I’m not sure where to point this out, so I’m doing so here.

The documentation for the CUDA profiler is out-of-date, which means it is wrong in a number of places.

For example:

Here it states:
gld_throughput = ((128 * global_load_hit) + (l2_subp0_read_requests + l2_subp1_read_requests) * 32 - (l1_local_ld_miss * 128)) / gputime

But l2_subp0_read_requests, l2_subp1_read_requests and l1_local_ld_miss are incorrect. Only after much frustration and poking around nvprof did I work out that these should in fact be: l2_subp0_read_sector_queries, l2_subp1_read_sector_queries and l1_local_load_miss.

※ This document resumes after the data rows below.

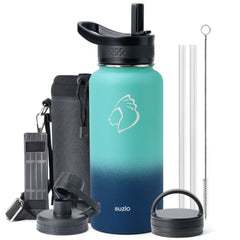 Buzio Trio Series Water Bottle with 3 Lids and Sleeve 1L - Caribbean Blue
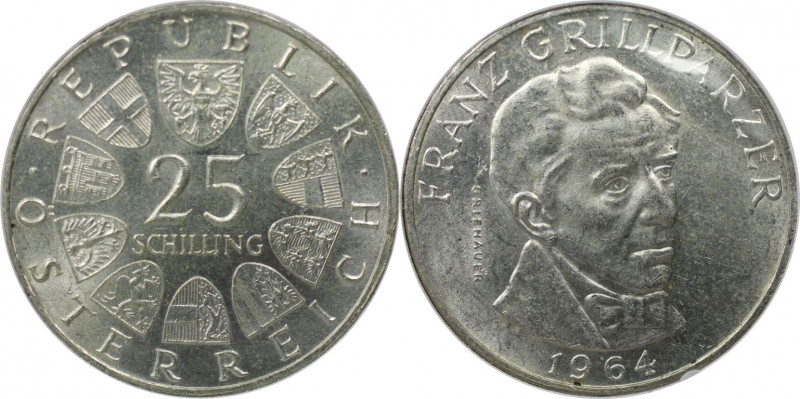 RDR – Habsburg – Österreich, REPUBLIK ÖSTERREICH. Franz Grillparzer. 25 Schillin...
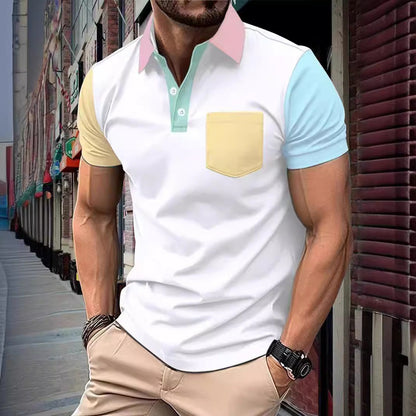 Herren Polohemd Farbblock Ärmel Modern Sportlich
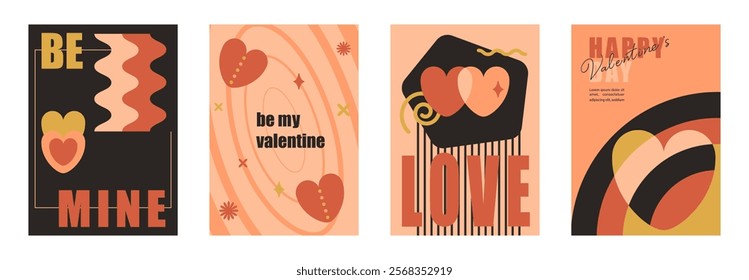 Valentine's Day Posters, greeting cards. A set of vector greeting templates in modern geometric style. Cover, picture background, label.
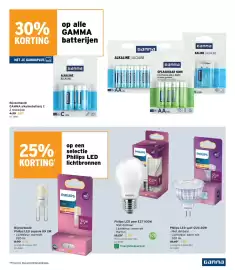 GAMMA folder Pagina 39: Philips led peer e27 100w €11,47, Philips LED capsule G9 €6,74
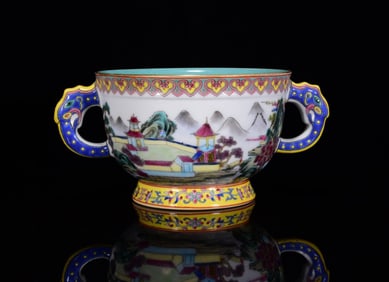 An Exquisite Famille-Rose Landscape and Figure Pattern Double-Ears Bowl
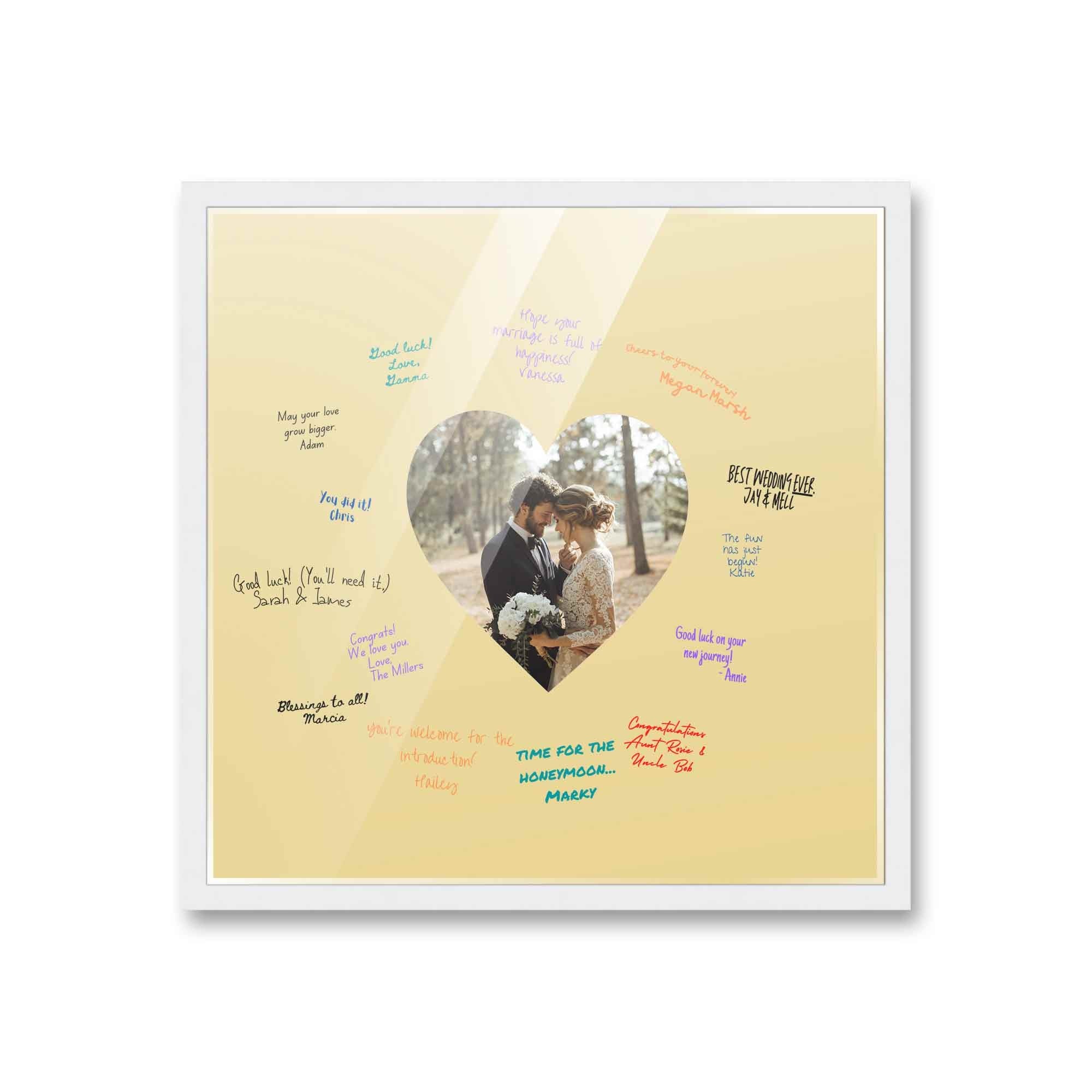 Autograph White Wood Frame With Heart Yellow Mat Perfect For Event Signatures Full Color Pen Set Included 3 Sizes Available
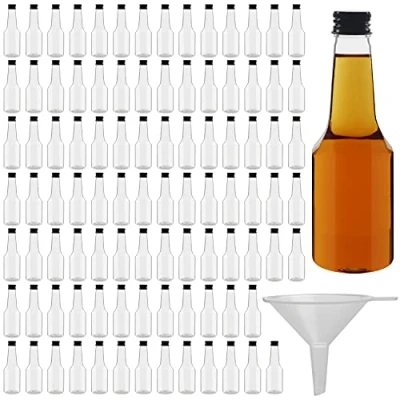 Abbildung von BELLE VOUS Kleine Flaschen zum Befüllen (96Stk) 100ml Fläschchen Plastik Wiederverwendbar Leere Schnapsflaschen mit Schwarzem Schraubverschluss u. Trichter Likör Mini für Hochzeit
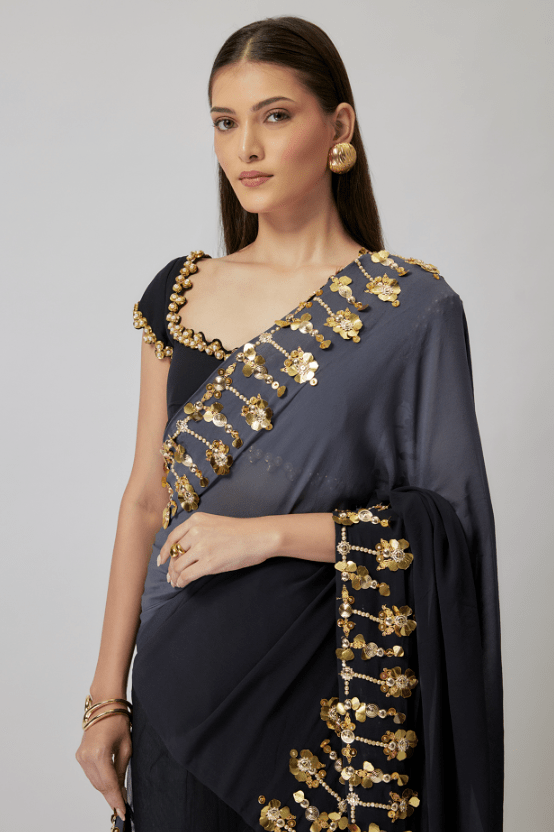 Grey & Black Ombre Georgette Pearl Embroidered Saree Set - Image 4
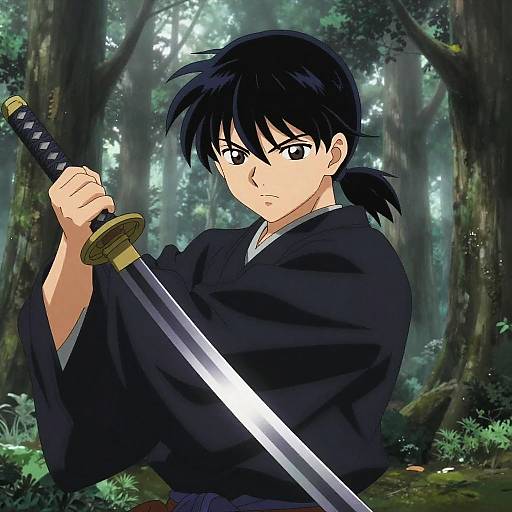Anime-style drawing of a serious young man with black hair in a forest, holding a katana, wearing a black kimono.
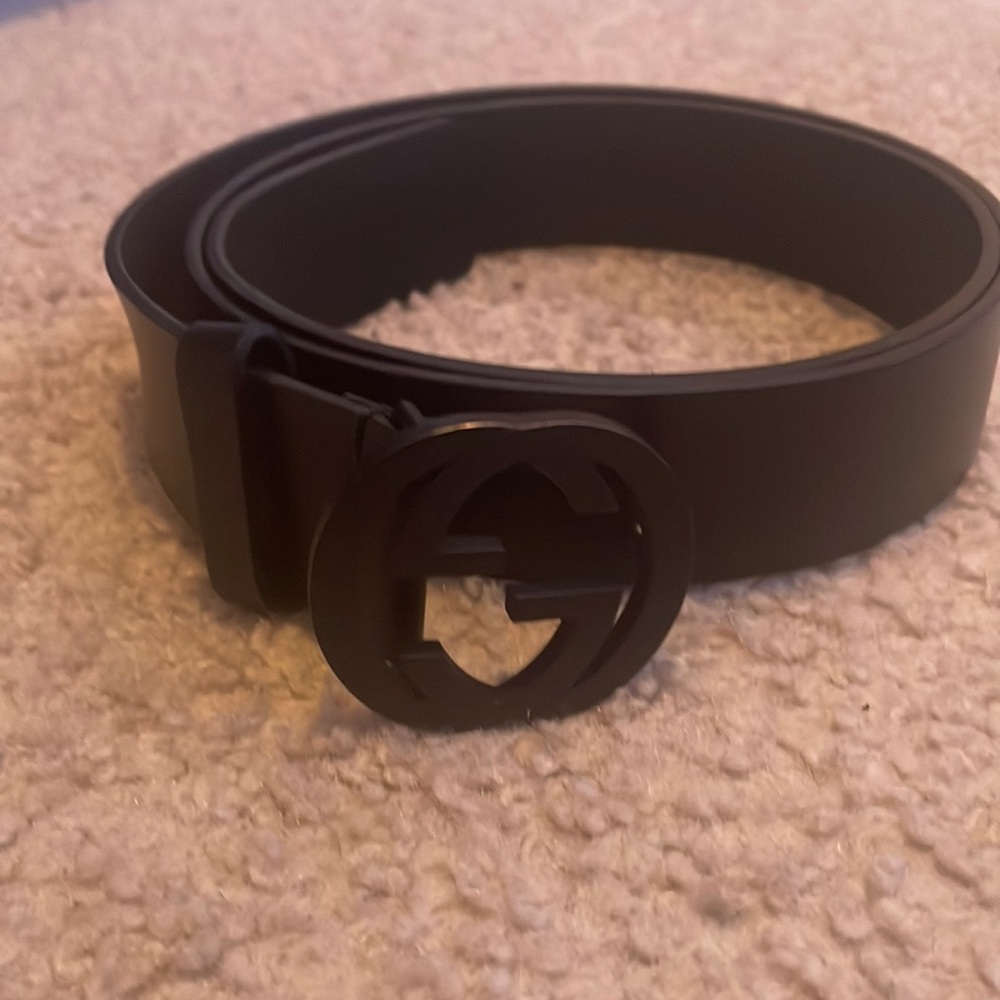 Plain Black Gucci Belt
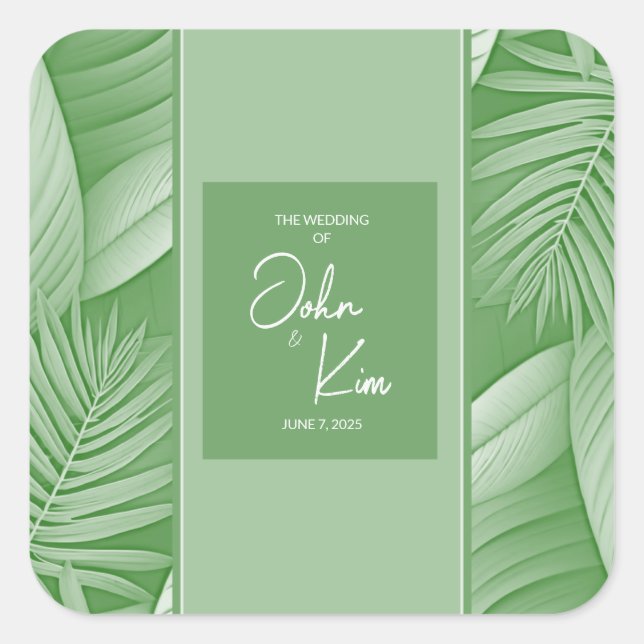 Tropical Green Wedding Sticker (Front)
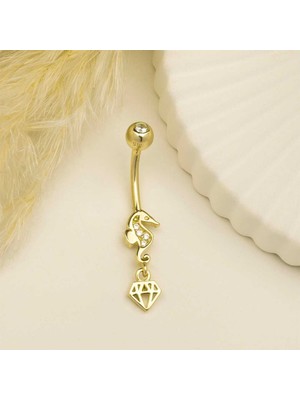 Deniz Atı Motifli Elmas Sallantılı Göbek Piercing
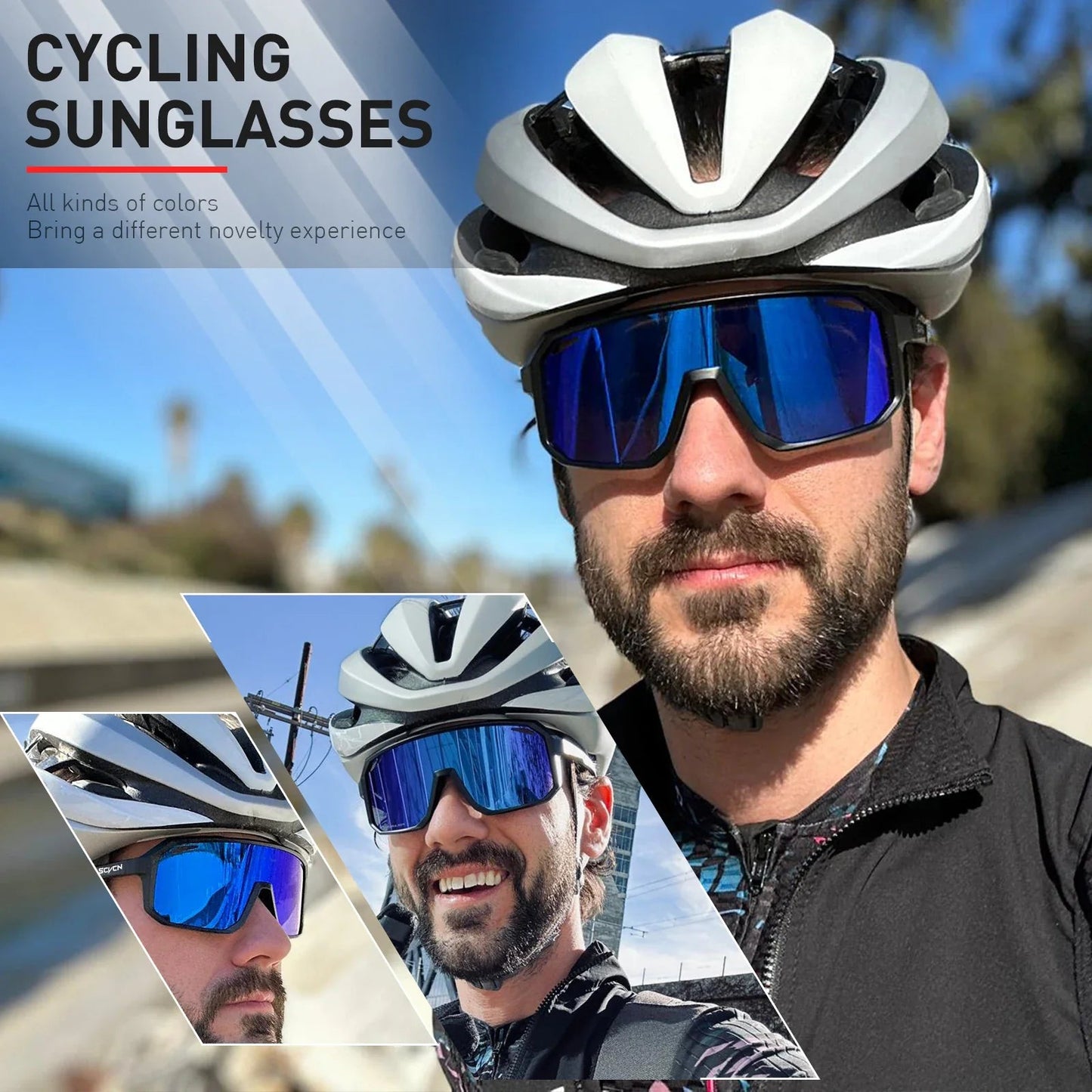 SCVCN New Cycling Glasses Bike Sunglasses Men UV400 Eyewear Outdoor Sports MTB Goggles Bicycle Women Riding Hiking Sunglasses Pi-Mart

It would also be useful if standard units were supplied along with a lot of the metrics (e.g. GB/s or GiB/s or “instructions per second”). This would make it much easier for newcomers to understand what various metrics mean.

I’m sure I’m not the only one who has experienced this annoyance, so I wanted to know if there is a “proper” way of letting NVIDIA know of this issue?

Thanks for pointing out this error. In the upcoming 5.5 release nvprof is capable of collecting and reporting metric values just like it does for events. So you no longer need to decipher the formulas to collect the metric values. For example:

$ nvprof --metrics gld_throughput ./diverge
==25666== NVPROF is profiling process 25666, command: ./diverge
Device Name: Tesla C2050
==25666== Some kernel(s) will be replayed on device 0 in order to collect all events/metrics.
==25666== Profiling application: ./diverge
==25666== Profiling result:
==25666== Metric result:
Invocations Metric Name Metric Description Min Max Avg
Device “Tesla C2050 (0)”
Kernel: VecEmpty(void)
4 gld_throughput Global Load Throughput 0.00000B/s 0.00000B/s 0.00000B/s
Kernel: VecThen(int*, int*, int*, int)
4 gld_throughput Global Load Throughput 9.5271GB/s 290.72GB/s 82.207GB/s

Because of this new support and due to the complexity of some of the metric calculations, the documentation no longer contains the metric formulas. If you are a registered developer you will be able to access the 5.5 release soon. As a registered developer you will also be able to file bug reports for issues like this. Let us know if you have issues using the nvprof metric support in 5.5.